Mineski Global
- Industry: Video gaming
- Founded: December 2009; 16 years ago
- Founder: Ronald Robins
- Headquarters: San Juan, Metro Manila, Philippines
- Area served: Southeast Asia
- Brands: Mineski Infinity (internet café chain)
- Services: Esports tournament organization
- Divisions: Mineski Esports; Mineski Academy; Mineski Talent; Mineski Tech; Mineski Spaces;
- Website: www.mineskiglobal.com

= Mineski Global =

Philippine esports company

Mineski Global, commonly known as Mineski, is an esports organization established in December 2009 in the Philippines. It is an offshoot of Mineski-DOTA team which was founded in 2004.

==History==
Mineski Global's roots is traced to the Mineski-DOTA esports team which was founded on February 14, 2004, by Filipino gamer Ronald Robins and his teammates in Manila, Philippines. The team competed in various domestic and international competitions including the World Cyber Games.

In 2008, Mineski opened the first outlet of its Mineski Infinity internet café chain. In December 2009, shortly after Robins retired, Robins and his former teammates went on to establish Mineski as a company to manage Mineski Infinity. It also started from organizing localized esports competitions hosted in its internet cafes to holding international esports tournaments.

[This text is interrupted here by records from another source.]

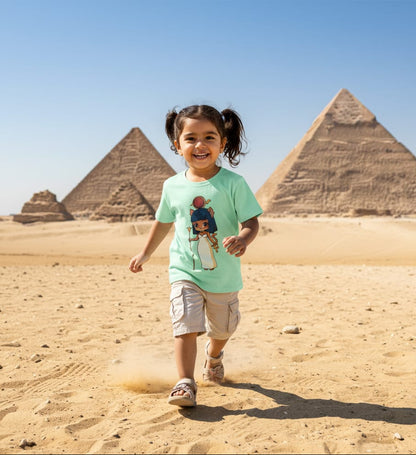 ANKH 100% Cotton T-Shirt for Kids - Egyptian Mau Cat Print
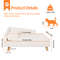 Elevated Pet Bed with Cushion Mattress & Sturdy Wood Legs, Waterproof Cozy Nordic Pet Stool for Small Dogs & Kittens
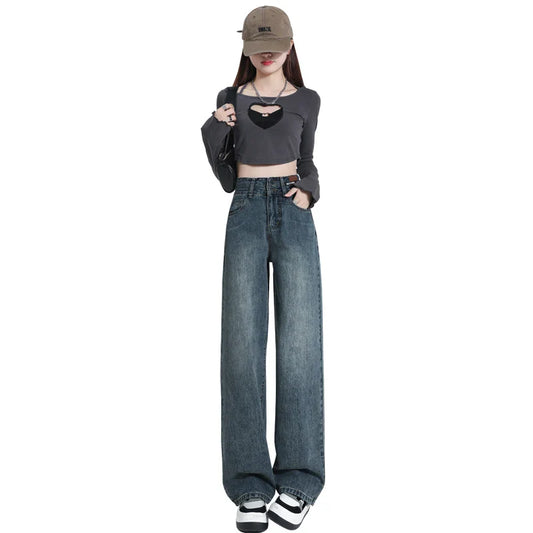 Slim Wide Leg Denim Jeans High Waist Double Bule Straight Cut Pants for Women Bla ey Autumn New Arrival Faionable Wea...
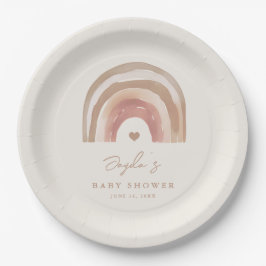 Boho Regenboog Neutrale Baby Shower Papieren Bordje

The esports company eventually expanded to establish presence in Indonesia and Thailand. In June 2019, Mineski inaugurated its new corporate headquarters in San Juan, Metro Manila.

In April 2021, the Philippine government's regulatory body for professional sports Games and Amusements Board (GAB) issued a show-cause order against Mineski for holding esports tournaments with GAB's sanction. Mineski in response assured the public that it is cooperating with GAB regarding the matter.

==Divisions==
Mineski Global has five divisions, namely:

- Mineski Esports – the company's marketing and events organizing arm.
- Mineski Academy – esports training and grassroots.
- Mineski Talent – responsible for the scouting and management of Mineski's esports athletes and influencers.
- Mineski Tech – gaming equipment arm.
- Mineski Spaces – manages the company's internet cafe chain, Mineski Infinity.

==Partnerships==
In February 2020, Mineski entered a partnership agreement with the Philippine Collegiate Champions League in a bid to develop a school-based esports program.